■ Dataset content:
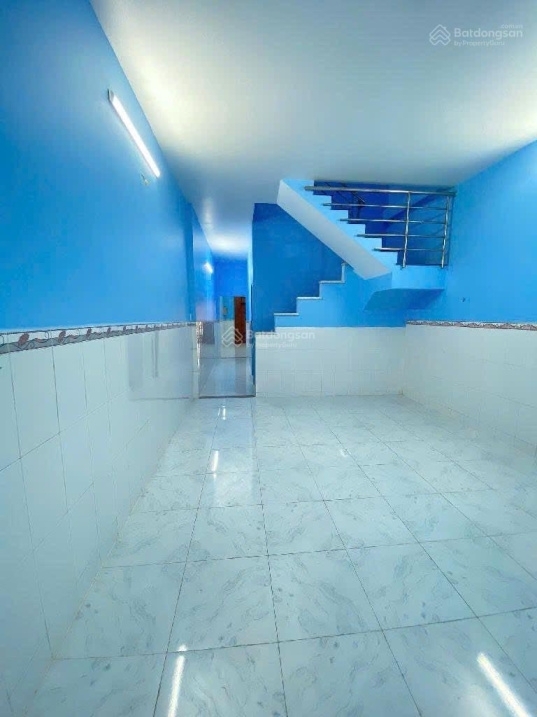 BÁN NHÀ HẺM XE HƠI 4M 2 MẶT TIỀN - 2 TẦNG  NGANG 4x23mCHỈ NHỈNH 5 TỶ.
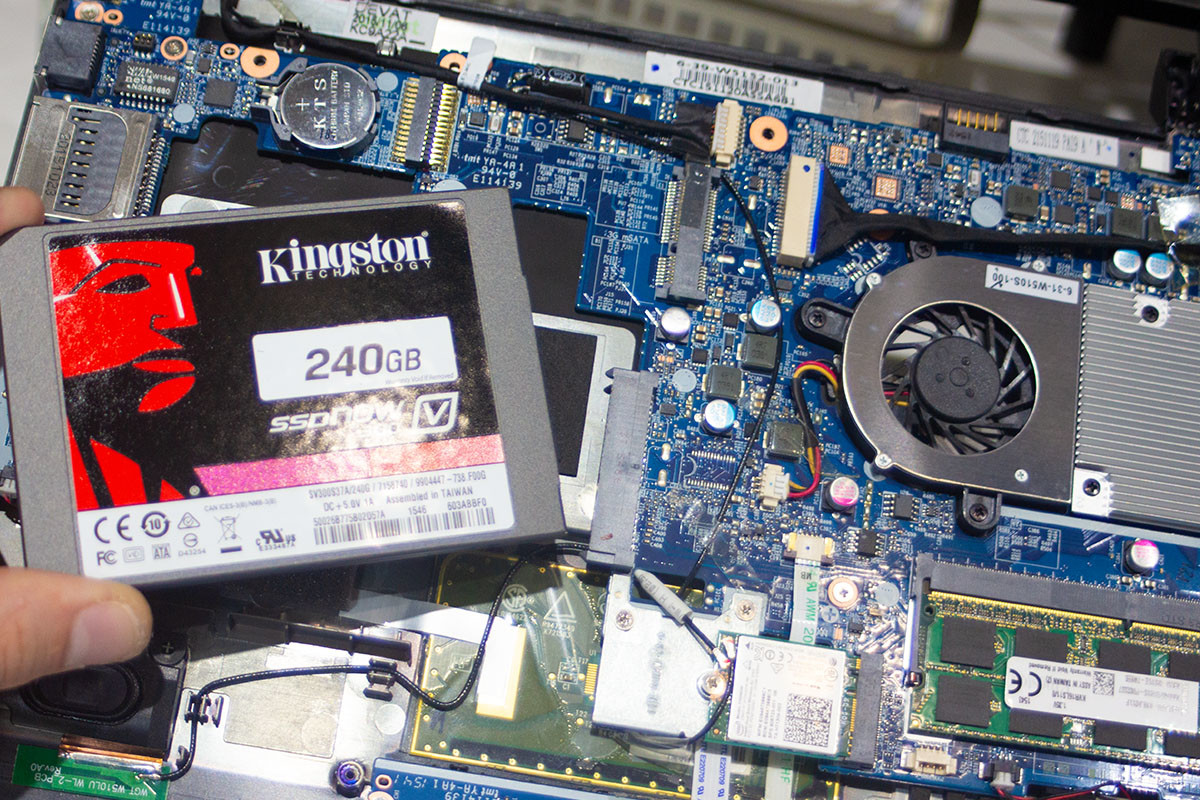 LuvBook C ノートパソコン LB-C240S-SSD 分解方法と修理 – APPLEMAC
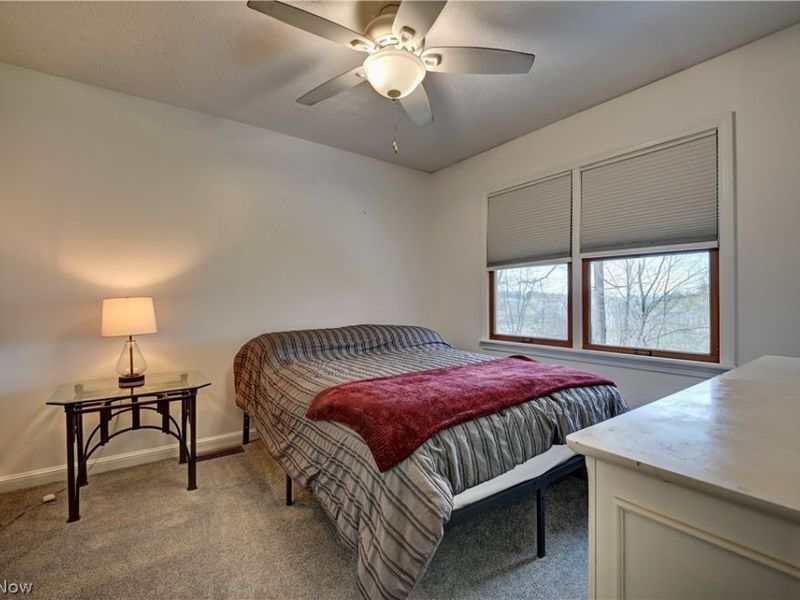 717 Pine Hills Drive SW, Massillon, OH 44646 Photo 22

■ Assignment: Everything above except the pictures must be restated exactly.

■ Result for this task:
 BÁN NHÀ HẺM XE HƠI 4M 2 MẶT TIỀN - 2 TẦNG  NGANG 4x23mCHỈ NHỈNH 5 TỶ.
 LuvBook C ノートパソコン LB-C240S-SSD 分解方法と修理 – APPLEMAC
 717 Pine Hills Drive SW, Massillon, OH 44646 Photo 22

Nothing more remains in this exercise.